FS#75673 - [grub] long(er) start delays after upgrading from 2.06.r261 to 2.06.r297

Attached to Project: Arch Linux
Opened by Marcel Langner (LanMarc77) - Monday, 22 August 2022, 18:14 GMT
Last edited by Christian Hesse (eworm) - Saturday, 03 September 2022, 21:39 GMT
Task Type Bug Report
Category Packages: Core
Status Closed
Assigned To Christian Hesse (eworm)
Architecture x86_64
Severity Medium
Priority Normal
Reported Version
Due in Version Undecided
Due Date Undecided
Percent Complete 100%
Votes 6
Private No

Details

Description:
After the upgrade of grub from 2.06.r261 to 2.06.r297 and regenerating the config, as well as updating the binaries using grub-install I noticed a much longer delay before the system starts.
As I have an encrypted root and boot FS (without LVM, plain partitions), the delay happens after the message Slot 0 opens and after selecting the menu entry of which kernel to boot. I assume just before the initial ramdisk is loaded or while. I am uncertain.
The additional delay is around 15s from around 1..2s before the upgrade.

Someone else has the same issue and we already verified that downgrading seems to fix the issue. Also installing on a completely different computer seems to result in the additional delay when upgrading grub ( https://bbs.archlinux.org/viewtopic.php?id=279006 ).

After reading the bug report guidelines I am unsure if this is upstream or not and already apologize beforehand.
This task depends upon

Closed by  Christian Hesse (eworm)
Saturday, 03 September 2022, 21:39 GMT
Reason for closing:  Fixed
Additional comments about closing:  grub 2:2.06.r322.gd9b4638c5-4
Comment by Toolybird (Toolybird) - Wednesday, 24 August 2022, 06:26 GMT
Not many upstream commits between 2.06.r261 and 2.06.r297 so a git bisection [1] should be relatively painless. Feel like tackling it?

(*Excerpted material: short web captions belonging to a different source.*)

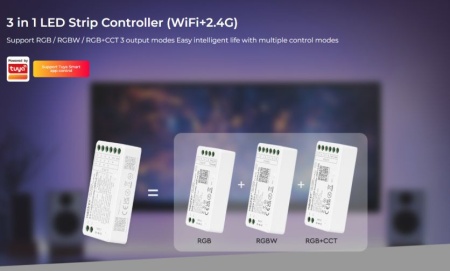 Controler Smart WiFi MiBoxer 3 în 1 RGB/RGBW/RGB+CCT wireless, 12A, 12-24V - Img 8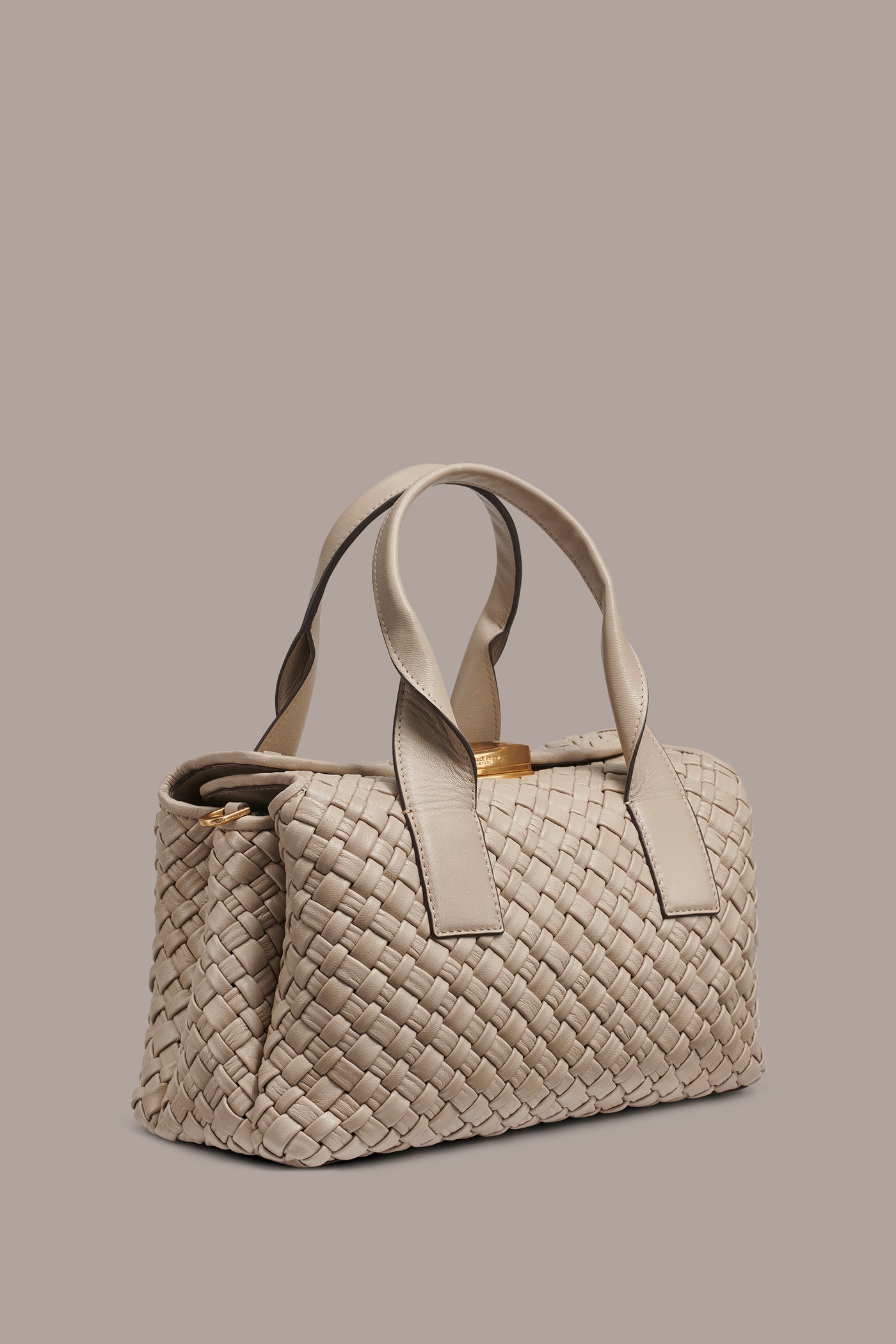 AMAGANSETT WOVEN LEATHER SATCHEL BAG VIEW 4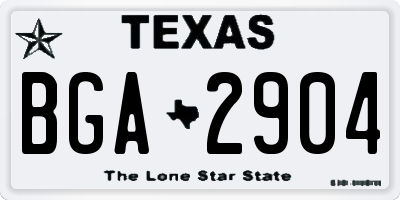TX license plate BGA2904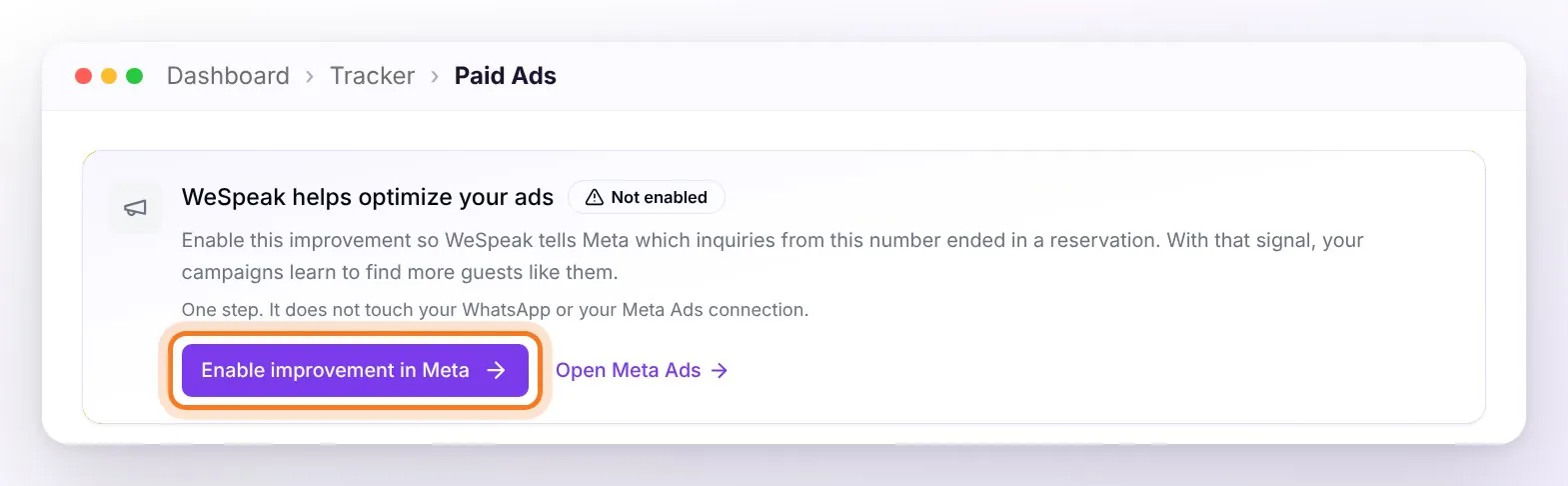 The WeSpeak helps optimize your ads card in Not enabled state, with the Enable improvement in Meta button highlighted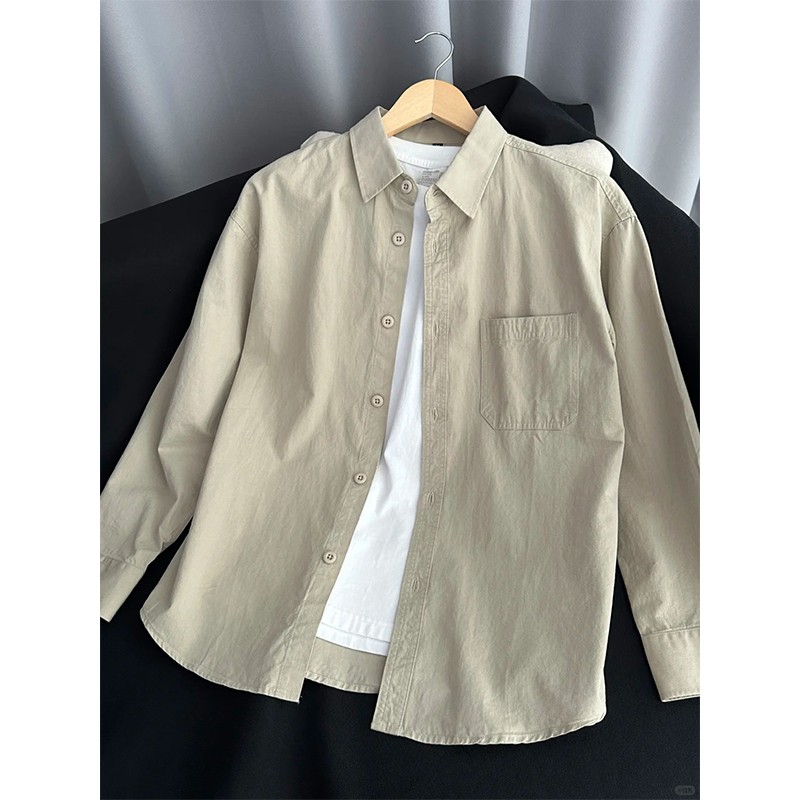 日系工装衬衫男长袖纯棉休闲衬衣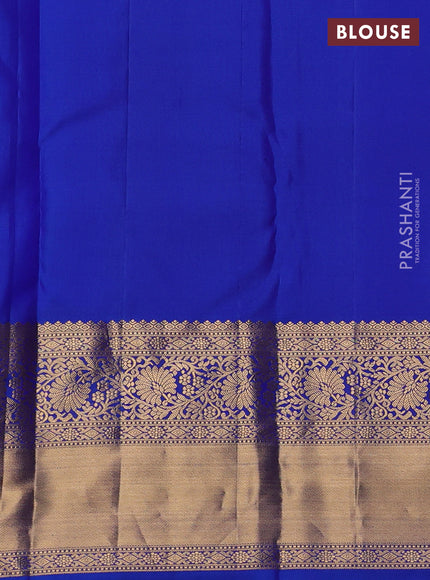 Pure kanchipuram silk saree blue with allover zari woven brocade weaves and rich zari woven border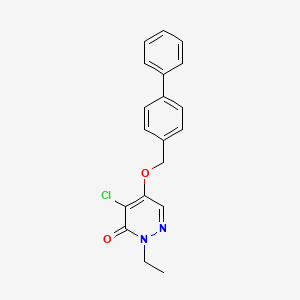 molecular formula C19H17ClN2O2 B12913024 5-[([1,1'-Biphenyl]-4-yl)methoxy]-4-chloro-2-ethylpyridazin-3(2H)-one CAS No. 88094-53-5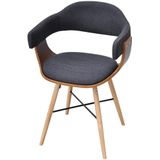 VidaXL Eetkamerstoelen 4 st Gebogen Hout & Stof Donkergrijs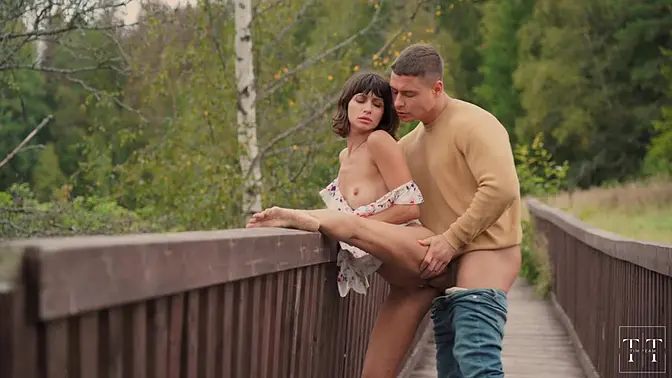 Woods MILF gets jizzed all over her big tits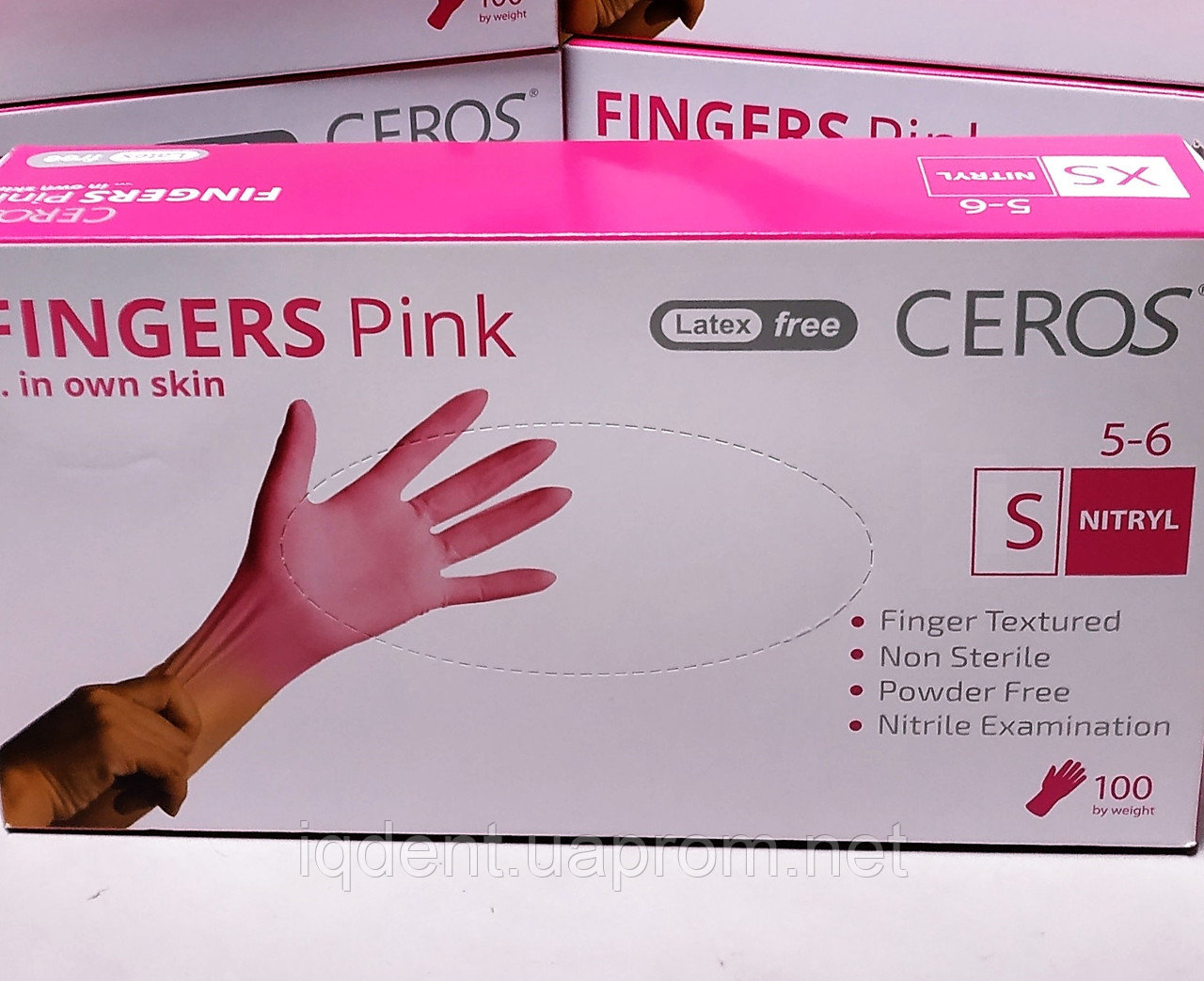 

Перчатки нитриловые Ceros Fingers размер XS black 100 шт Розовый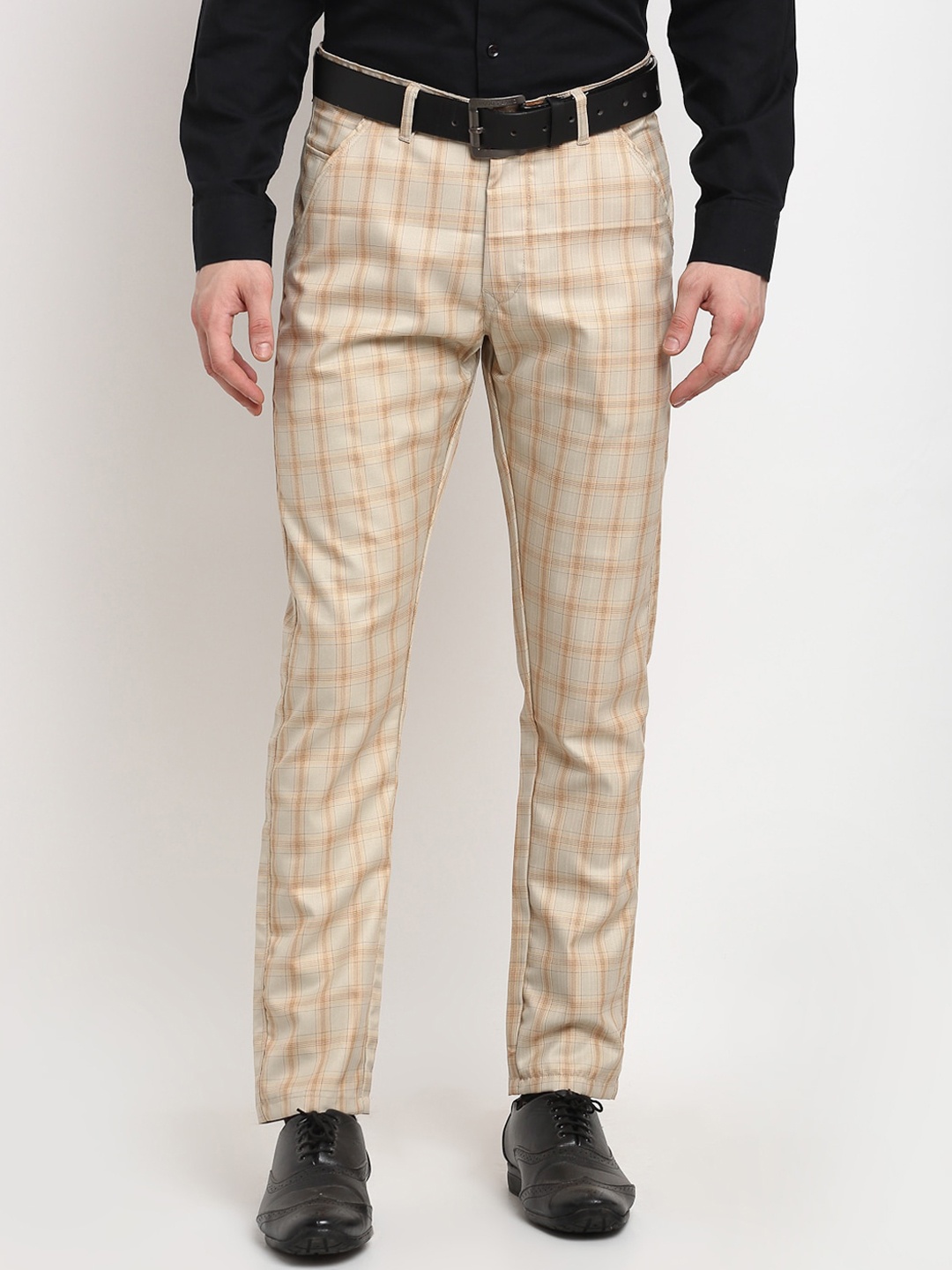 

JAINISH Men Cream-Coloured Checked Smart Slim Fit Trousers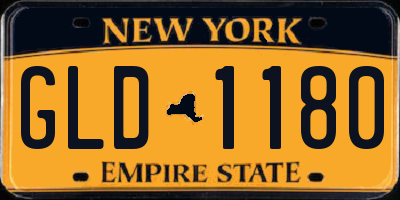 NY license plate GLD1180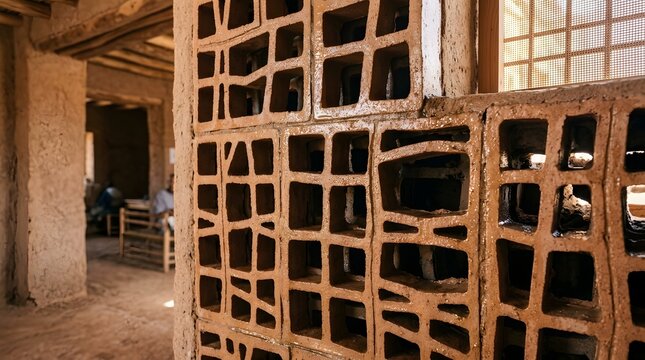 Traditional mud brick wall with square holes in rural building interior  old architecture
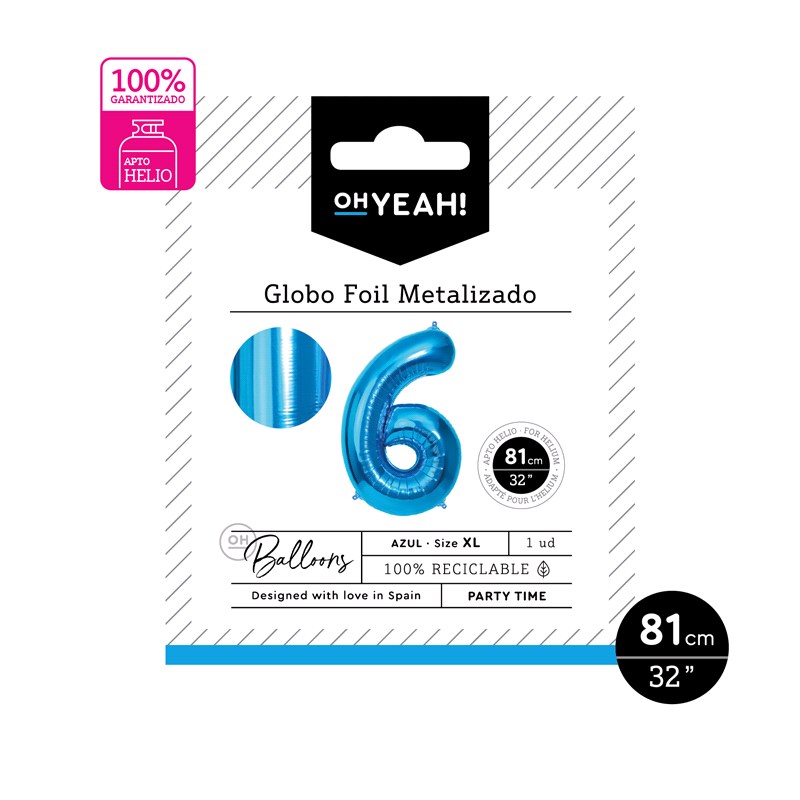 GLOBO 113-1096 POLIAMIDA Nº6 81CM AZUL METALIZADO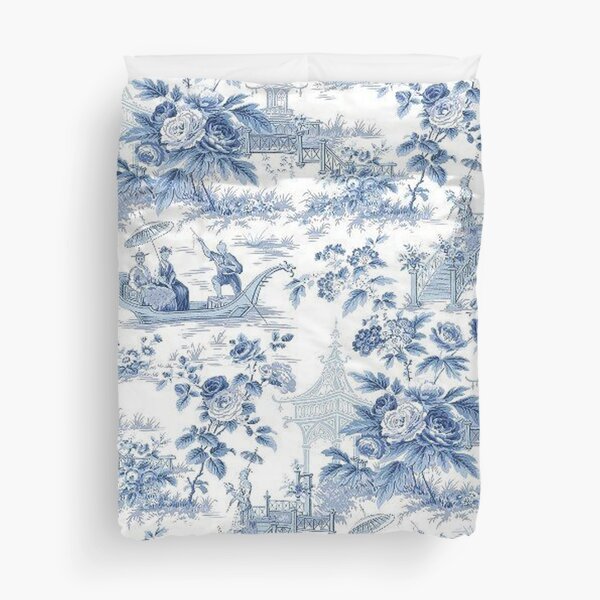 Powder Blue Chinoiserie Toile Duvet Cover
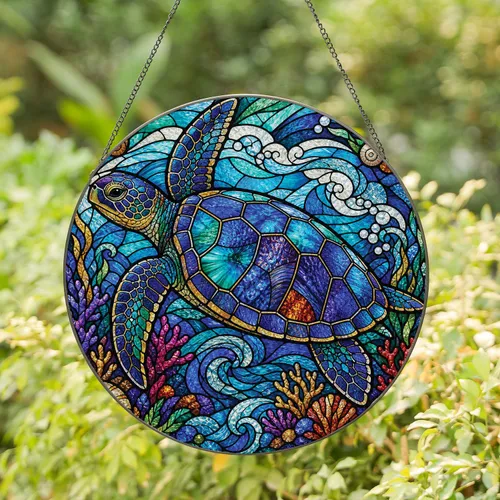 Sea Turtle Stained Glass Coastal Wall Decor For Ocean Lovers And Grandma Gift Idea Stained Glass Suncatcher
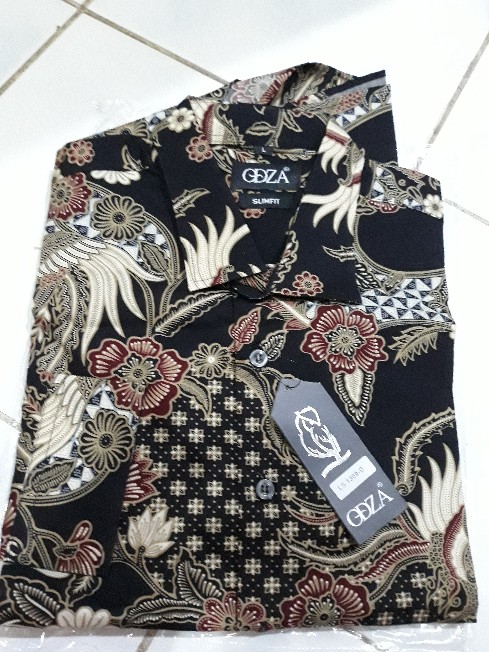 Odza Kemeja Batik Pria Lengan Panjang Modern Slim Fit Hem Cowok Dariafa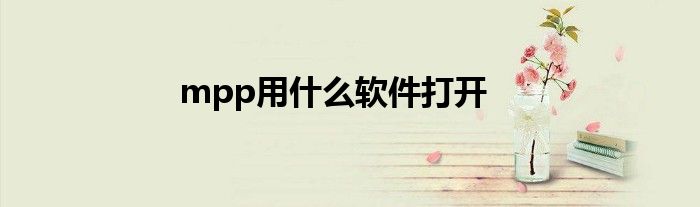 mpp用什么軟件打開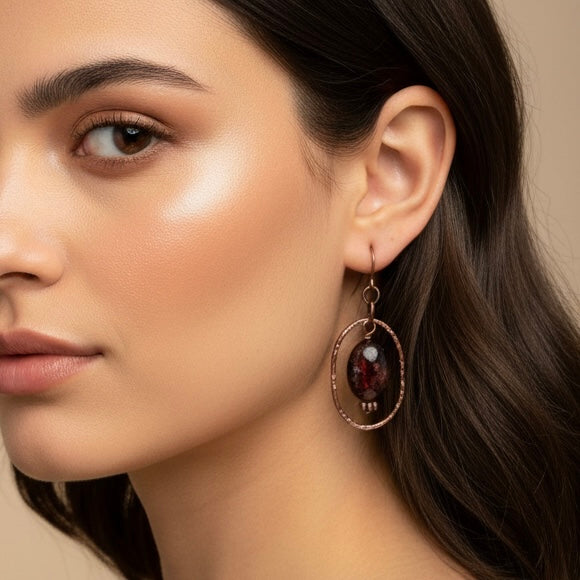 Copper Garnet Earrings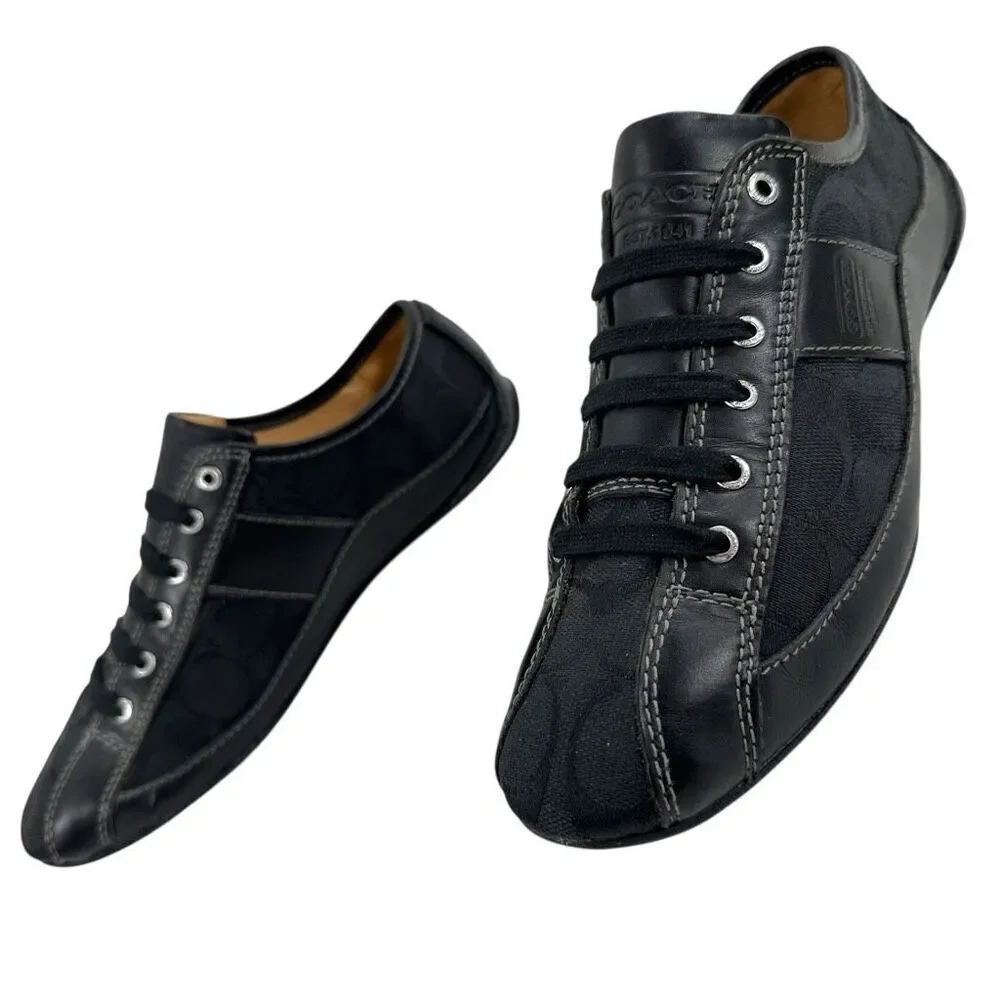 Coach Suee Black Monogram Canvas/Leather Lace-up Comfort Sneakers Size 6.5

There was also a bunch of commits after Arch upgraded, so a build of git trunk might also be worth testing.

[1] https://wiki.archlinux.org/title/Bisecting_bugs_with_Git
Comment by Christian Hesse (eworm) - Wednesday, 24 August 2022, 06:37 GMT
I do not see this... Tested with ext4 on LVM on full encryption.
What filesystem do you use?
Comment by Christian Hesse (eworm) - Wednesday, 24 August 2022, 10:04 GMT
Pushed grub 2:2.06.r322.gd9b4638c5-1 to testing... Want to give that a try?
Comment by Marcel Langner (LanMarc77) - Wednesday, 24 August 2022, 19:04 GMT
I try to coordinate a test run with the other person that has the same issue.
I am using btrfs for the encrypted partition that contains root and /boot. /efi is normal fat32 partition.
Linux runs on a separated disk and the others are all bitlocker windows disks or unencrypted ntfs.
I run Linux from an NVME inside a USB case that is connected to a USB3.2 GEN2 port.
I also took a look at the commits but did not really understood a lot. There was a btrfs commit, but earlier I think and than a ptimer something but it looked it was only fir older i386 systems.

If the other person is not able to test I will starting next week. Then I could organize a test system that can break.
And Thank you!
Comment by Tom Yan (tom.ty89) - Thursday, 25 August 2022, 03:14 GMT
I have two laptops with UEFI firmware from different vendors, namely AMI and Phoenix, and it seems that the issue is only observable on the AMI one. (The two laptops differs drastically though. The AMI one is at the same time a cheap one with 11th gen Celeron and SATA, while the Phoenix one has octo-core Zen 3 and NVMe. Both loads kernel from the FAT32 ESP grub resides on.)
Comment by Tobias Brunner (tobru) - Thursday, 25 August 2022, 14:55 GMT
I tested 2.06.r322.gd9b4638c5-1 on my machine and the slow loading of the kernel image and initramfs is still there. With 2.06.r261.g2f4430cc0-1 loading of these two files is nearly instant.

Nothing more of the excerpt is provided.